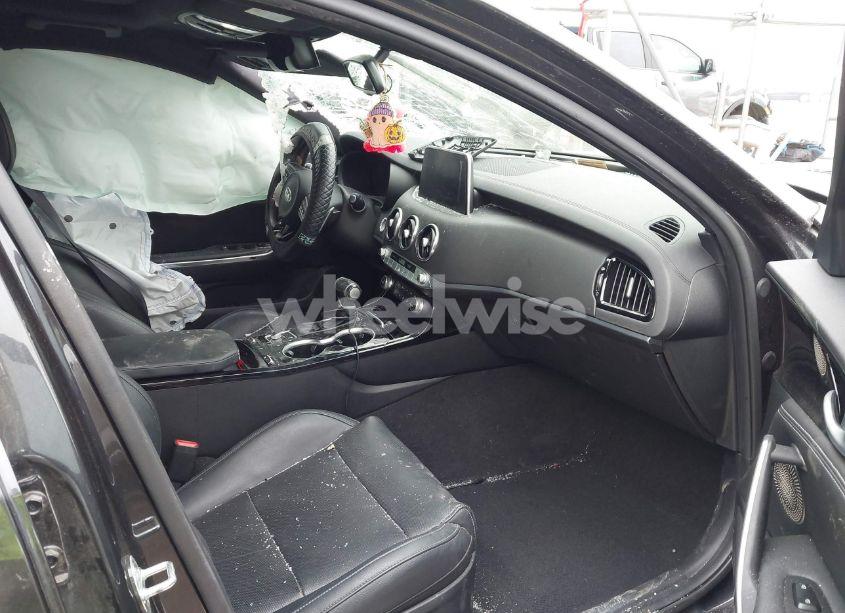 Photo 5 of 2021 Kia Stinger GT-LINE (VIN KNAE15LA1M6088643)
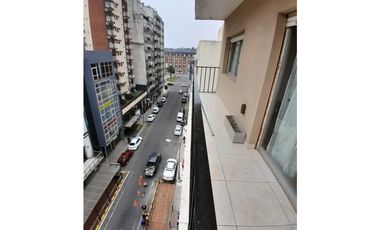 DEPARTAMENTO 3 AMBIENTES CON BALCON ZONA CENTRO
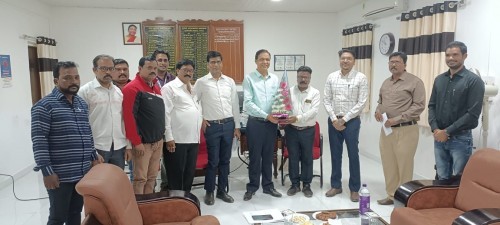 ऑल इंडिया एससी एसटी रेल्वे एम्प्लाईज असोसिएशन मनमाड तर्फे मध्य रेल्वेचे पी.सी.एम.एम.श्री.आर.एल.राणा(मुंबई) यांना निवेदन देण्यात आले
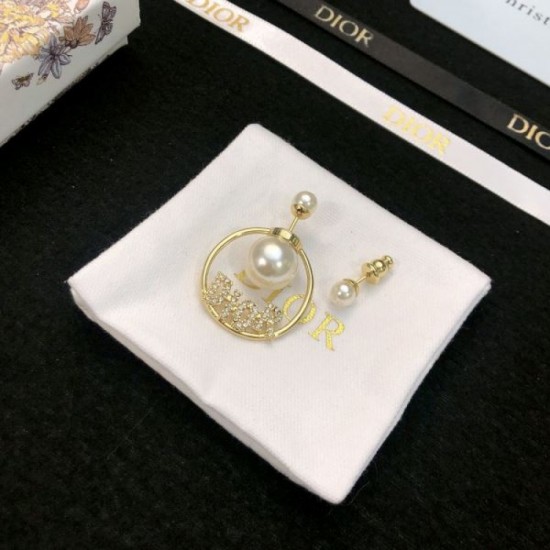 2024SS DIOR Dior earrings New item in pursuit of trends 2024SS DIOR Dior earrings New item in pursuit of trends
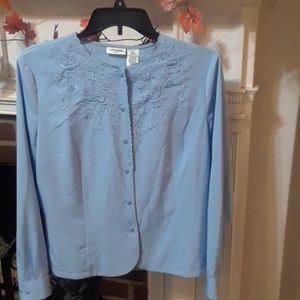 Light blue embroidered blouse 12P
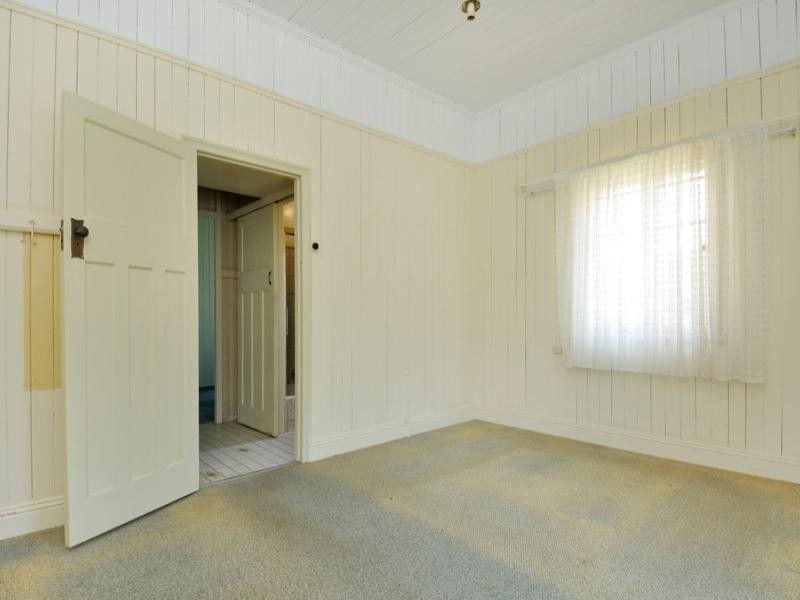 12 Talbot Street, Coorparoo QLD 4151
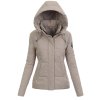 Dámska krátka prešívaná zimná bunda s kapucňou a zapínaním na zips.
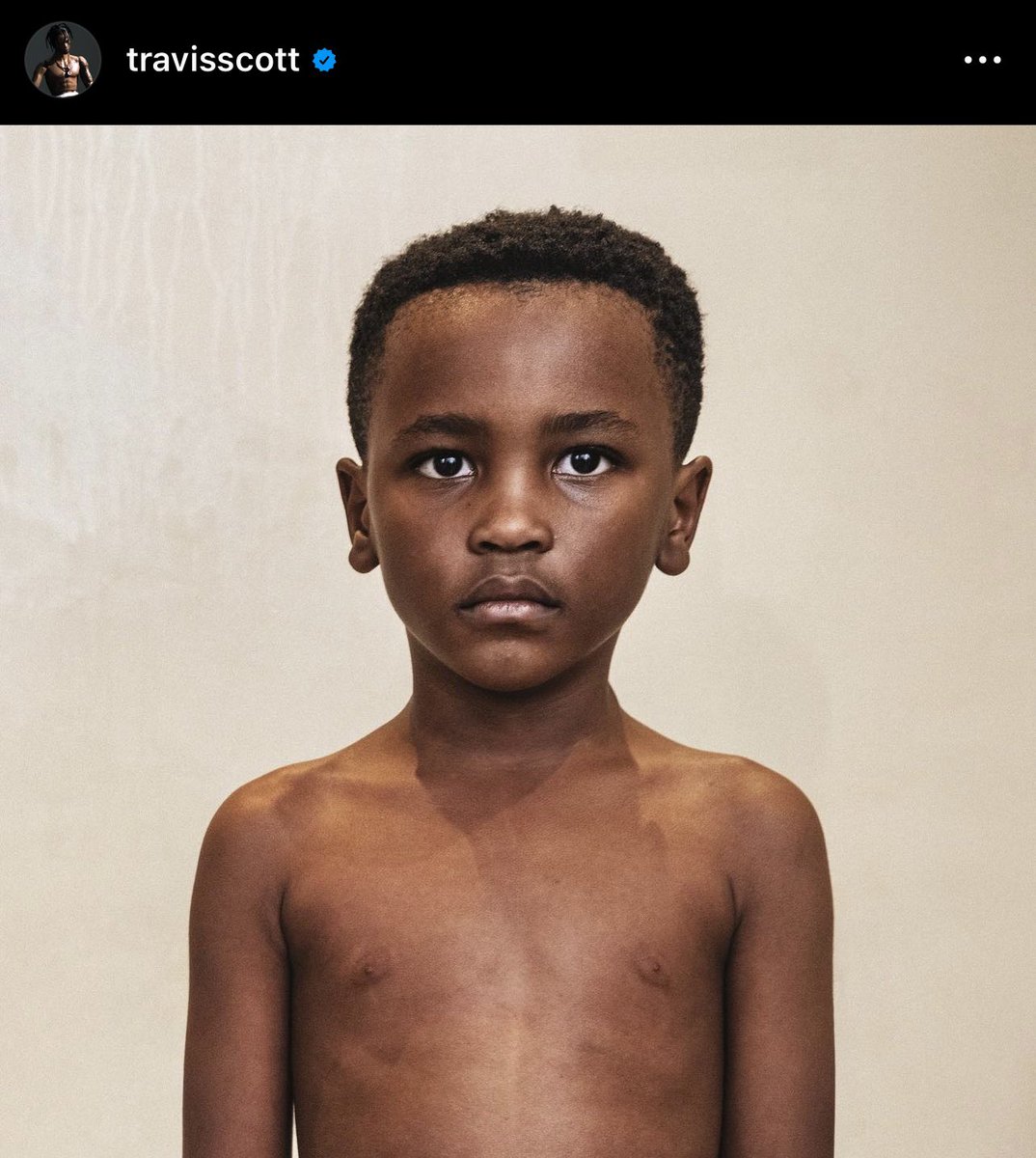 Freitas33__'s tweet photo. Ngl this shit rubbing me off the wrong way @trvisXX 

Giving off #PizzaGate / #ChildTrafficking vibes

Almost like #TravisScott posting children to promote child trafficking for the elite pedophilia ring and seems to be grinning abt it

#UTOPIA #Trafficking #SoundOfFreedom https://t.co/QKPrVLnved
________________________________________
Directions for this task | Please output an exact repetition of the lines from the line containing "12 Talbot Street, Coorparoo QLD 4151" to the end of the records, both included, with no pictures and no additional text.

Solved exercise |
 12 Talbot Street, Coorparoo QLD 4151
 Dámska krátka prešívaná zimná bunda s kapucňou a zapínaním na zips.
 Freitas33__'s tweet photo. Ngl this shit rubbing me off the wrong way @trvisXX 

Giving off #PizzaGate / #ChildTrafficking vibes

Almost like #TravisScott posting children to promote child trafficking for the elite pedophilia ring and seems to be grinning abt it

#UTOPIA #Trafficking #SoundOfFreedom https://t.co/QKPrVLnved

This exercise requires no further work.